• **Task instructions**: Reproduce all the entries exactly and keep the pictures out.

• **Extracted material**:
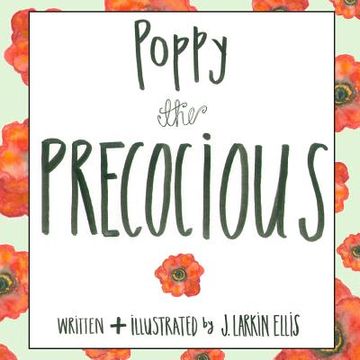 portada Poppy the Precocious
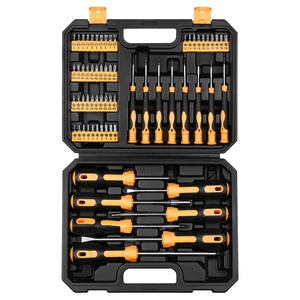 DEKO DKMT65 tamir takımları kutusu yalıtımlı tornavida aracı Set ev aletleri tamir 65 adet vida Bit seti - Product Image 2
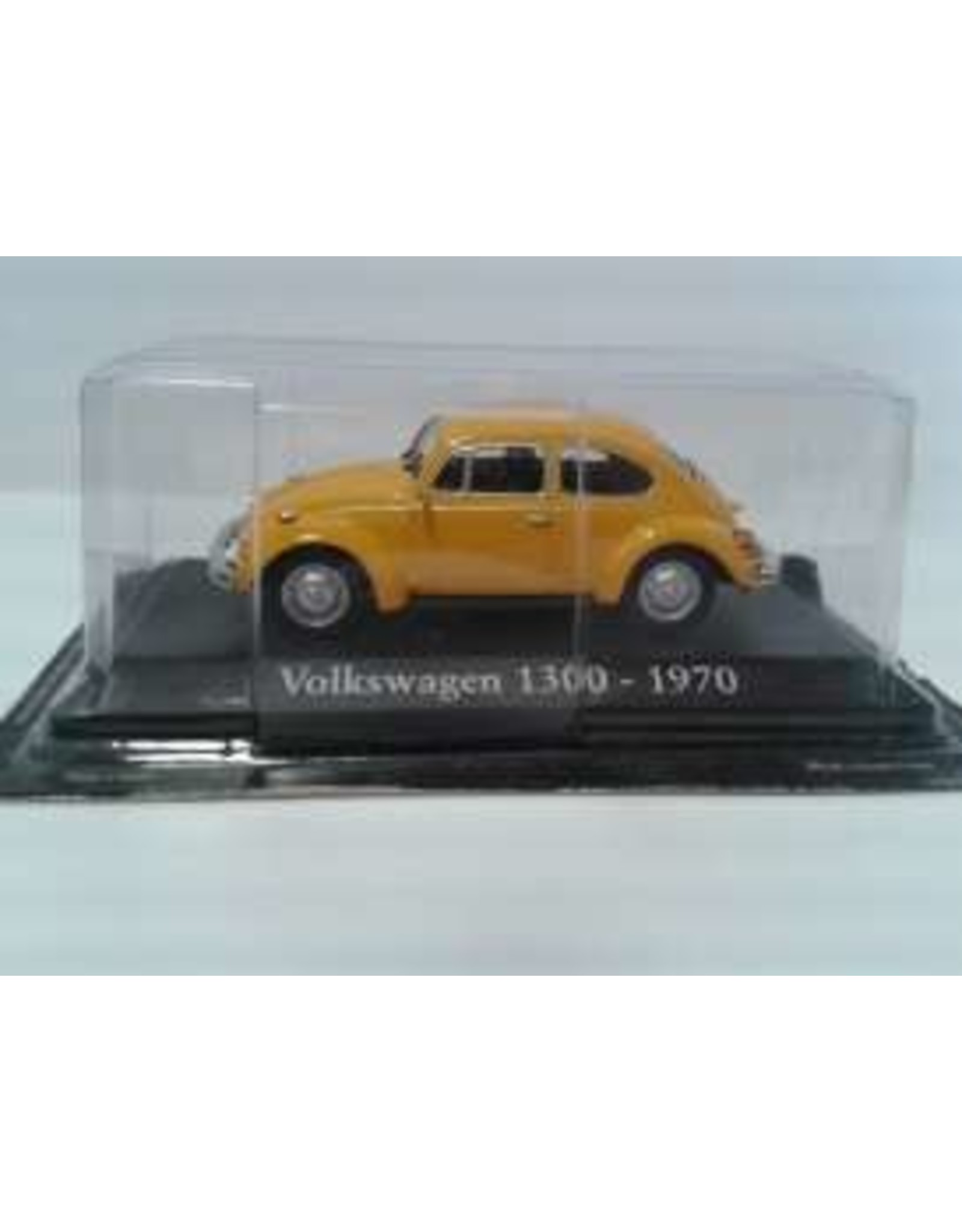 1:43 1970 Volkswagen Beetle 1300  Orange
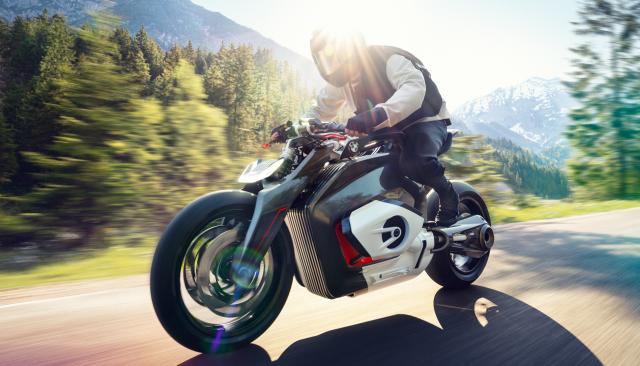 BMW pours cold water on its electric motorcycle future plans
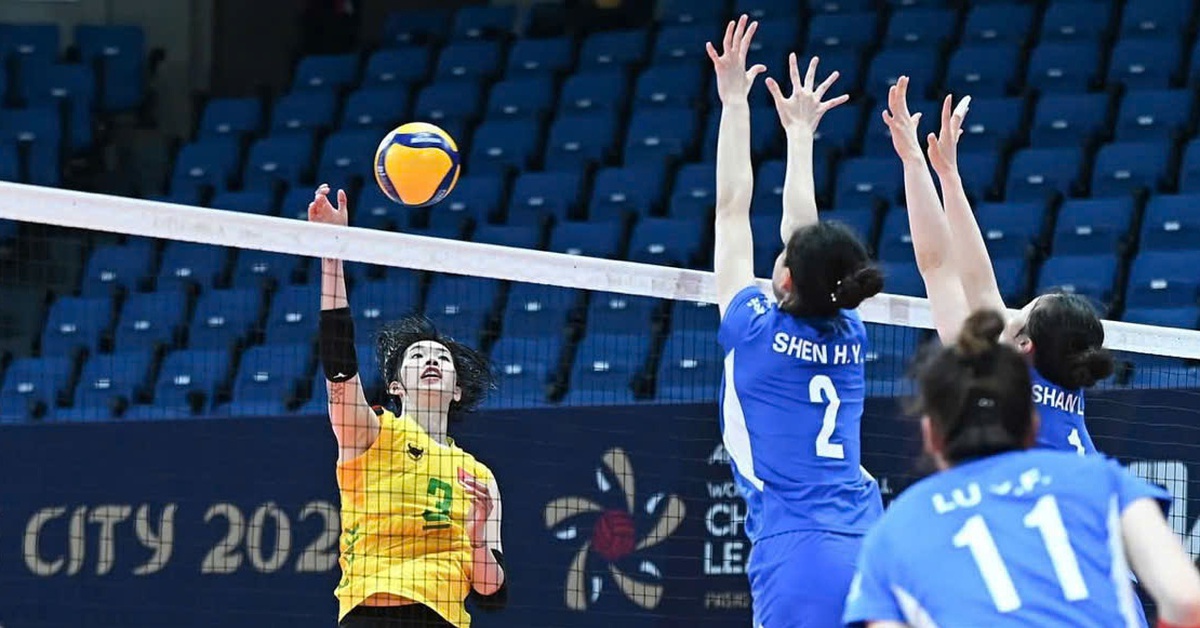 Bóng chuyền nữ Việt Nam chuẩn bị vượt mặt Thái Lan lần đầu tiên trong lịch sử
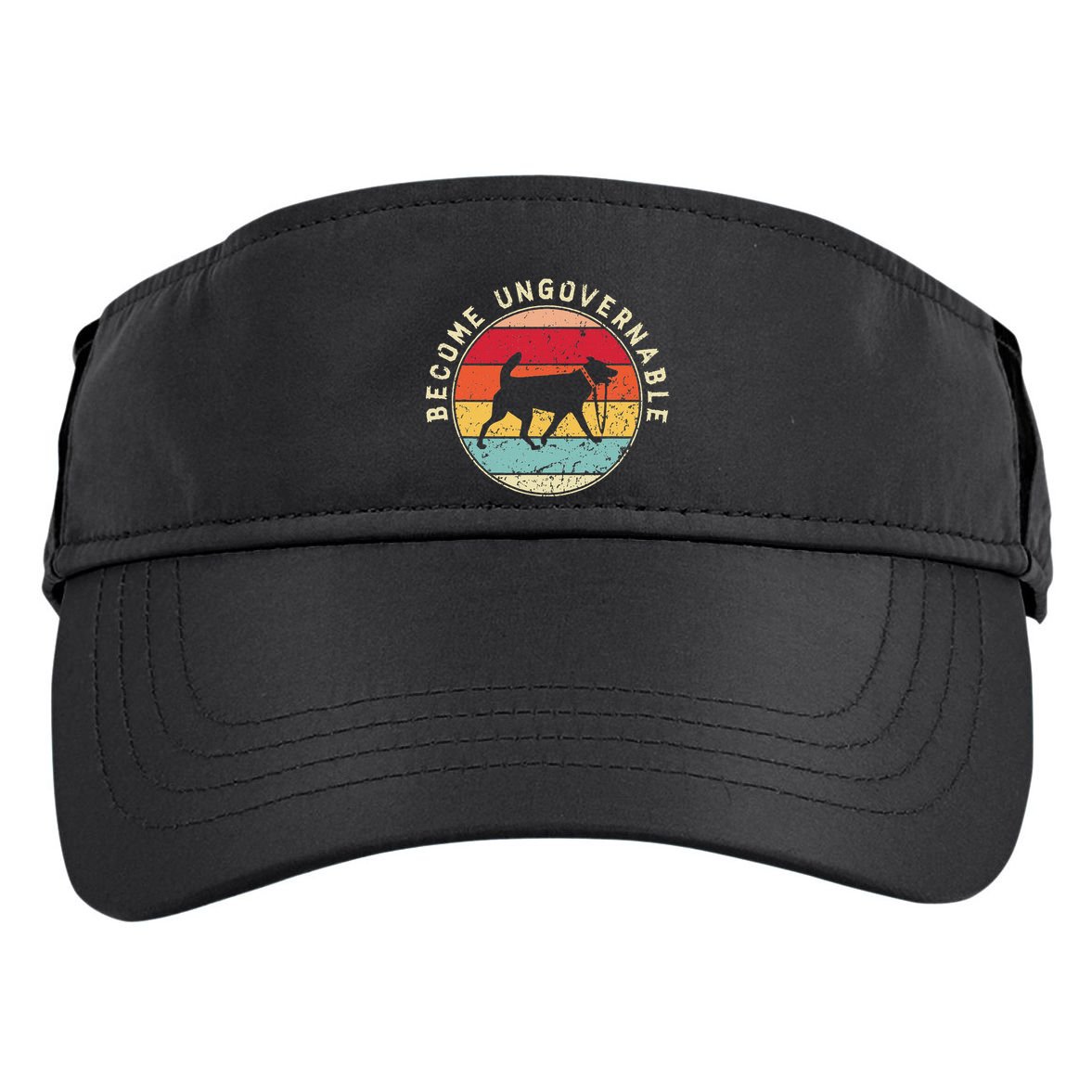 Become Ungovernable Dog Adult Drive Performance Visor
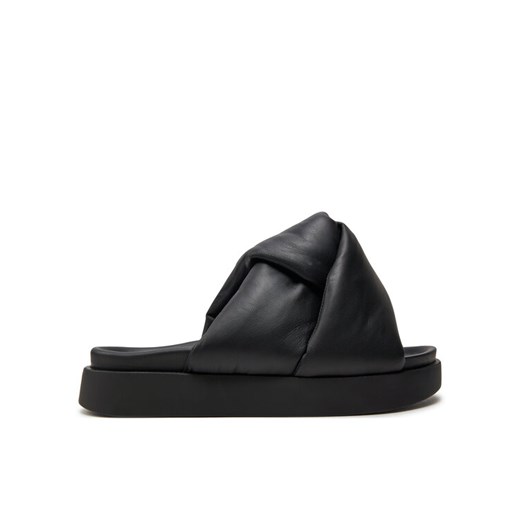 Inuikii Klapki Soft Crossed 70104-140 Czarny ze sklepu MODIVO w kategorii Klapki damskie - zdjęcie 182735834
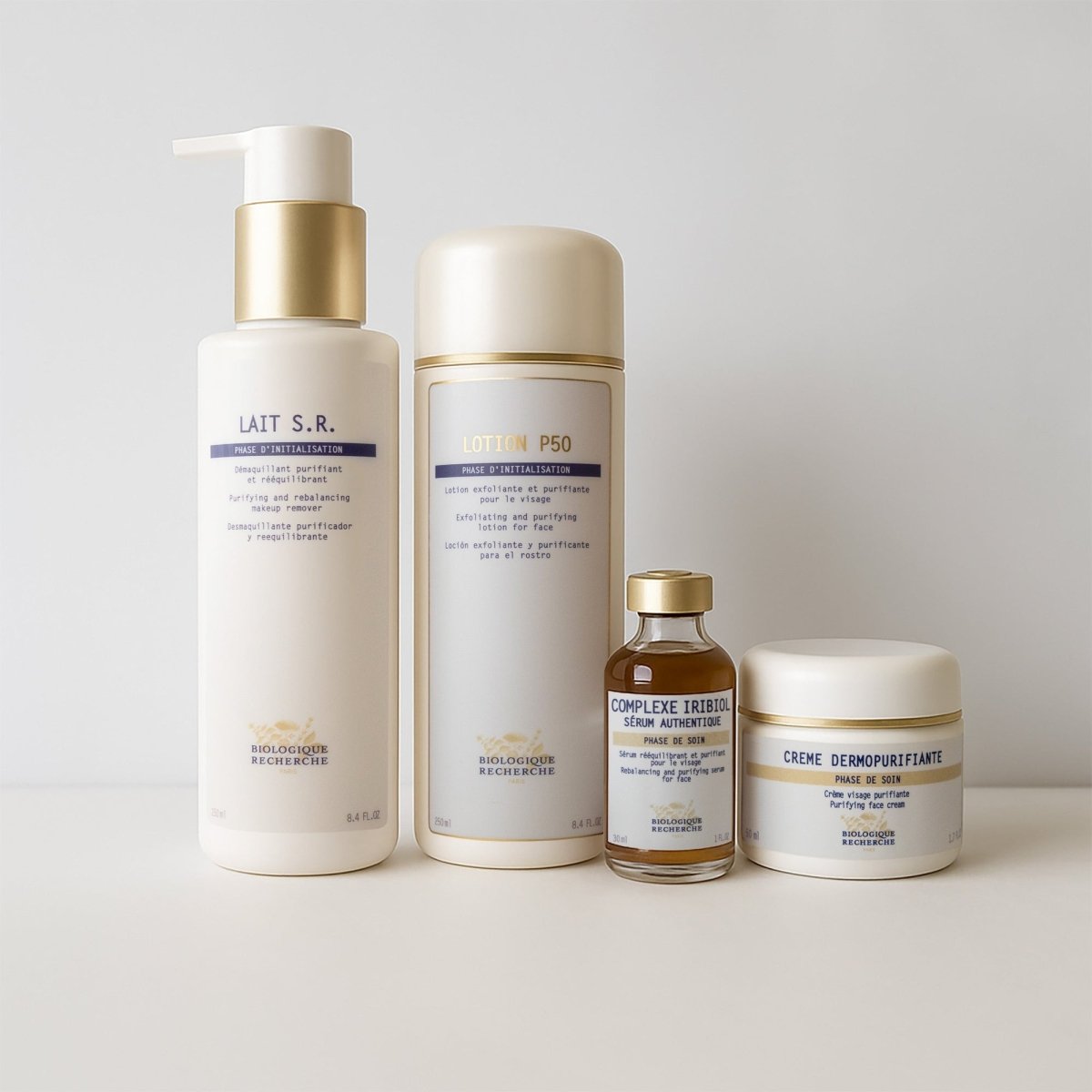 Oily Skin Essentials - Biologique Recherche - Bundle - Aida Bicaj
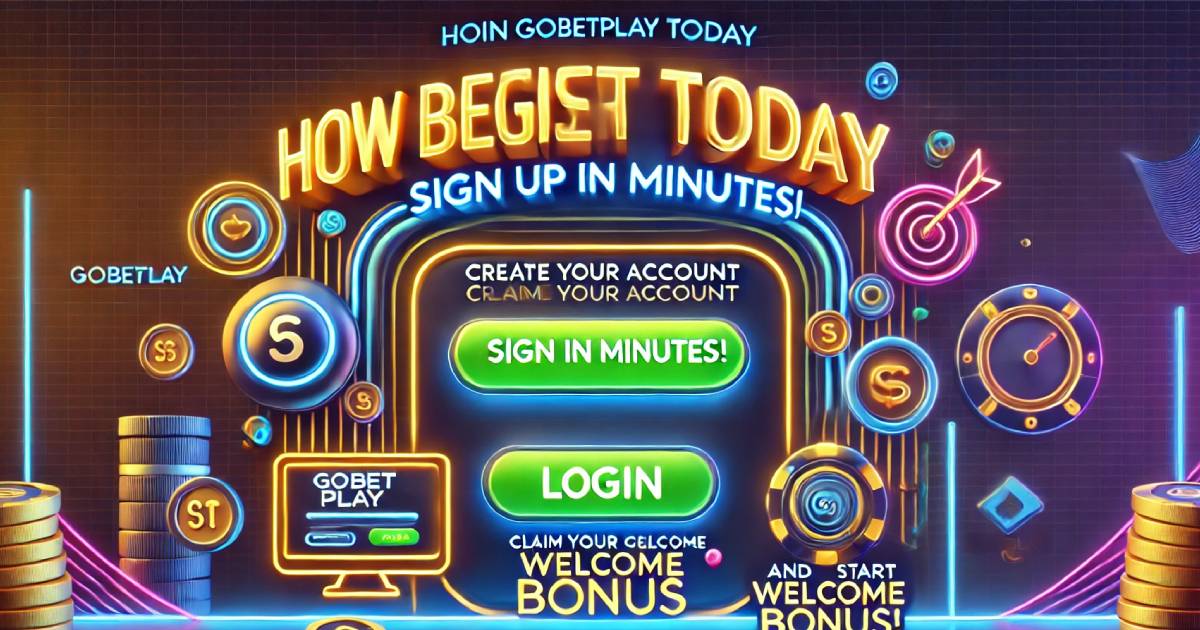 How to Register at Gobetplay: Step-by-Step Guide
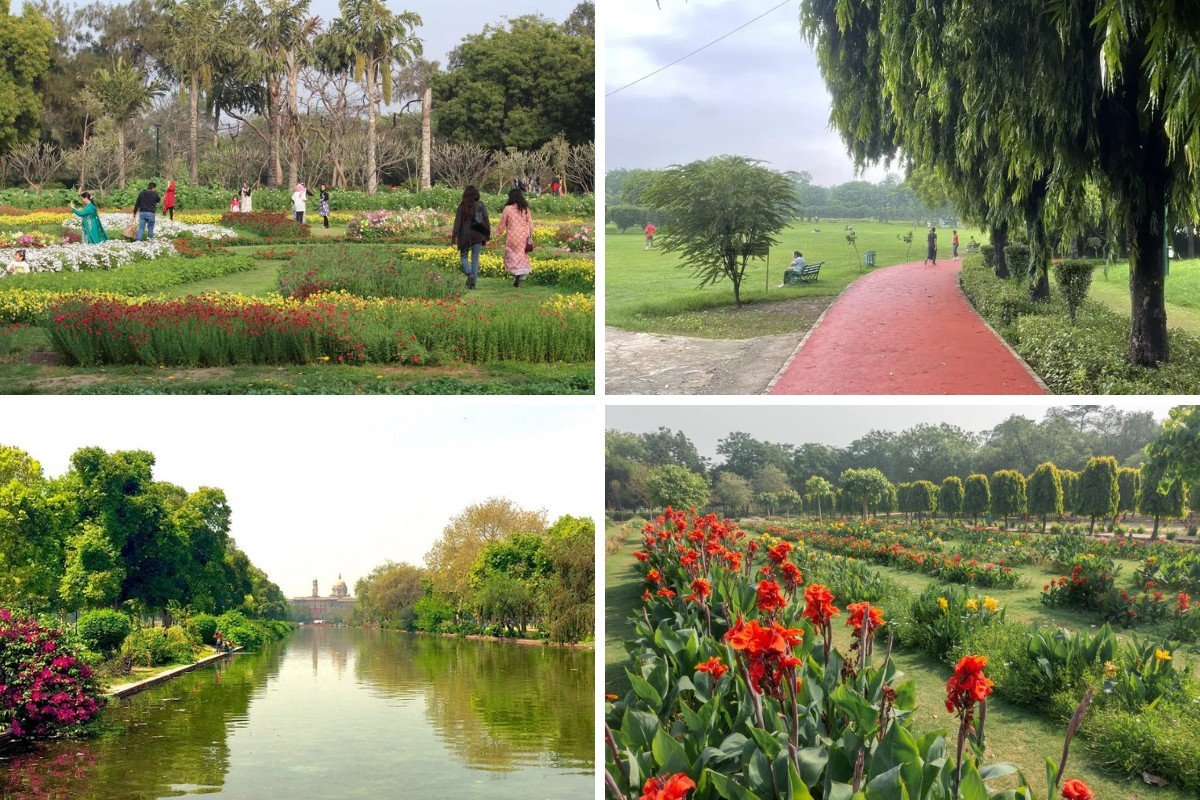 Peaceful Parks In Delhi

• **Task output**:
 portada Poppy the Precocious
 DEKO DKMT65 tamir takımları kutusu yalıtımlı tornavida aracı Set ev aletleri tamir 65 adet vida Bit seti - Product Image 2
 1:43 1970 Volkswagen Beetle 1300  Orange
 BMW pours cold water on its electric motorcycle future plans
 Bóng chuyền nữ Việt Nam chuẩn bị vượt mặt Thái Lan lần đầu tiên trong lịch sử
 Become Ungovernable Dog Adult Drive Performance Visor
 Inuikii Klapki Soft Crossed 70104-140 Czarny ze sklepu MODIVO w kategorii Klapki damskie - zdjęcie 182735834
 Oily Skin Essentials - Biologique Recherche - Bundle - Aida Bicaj
 How to Register at Gobetplay: Step-by-Step Guide
 Peaceful Parks In Delhi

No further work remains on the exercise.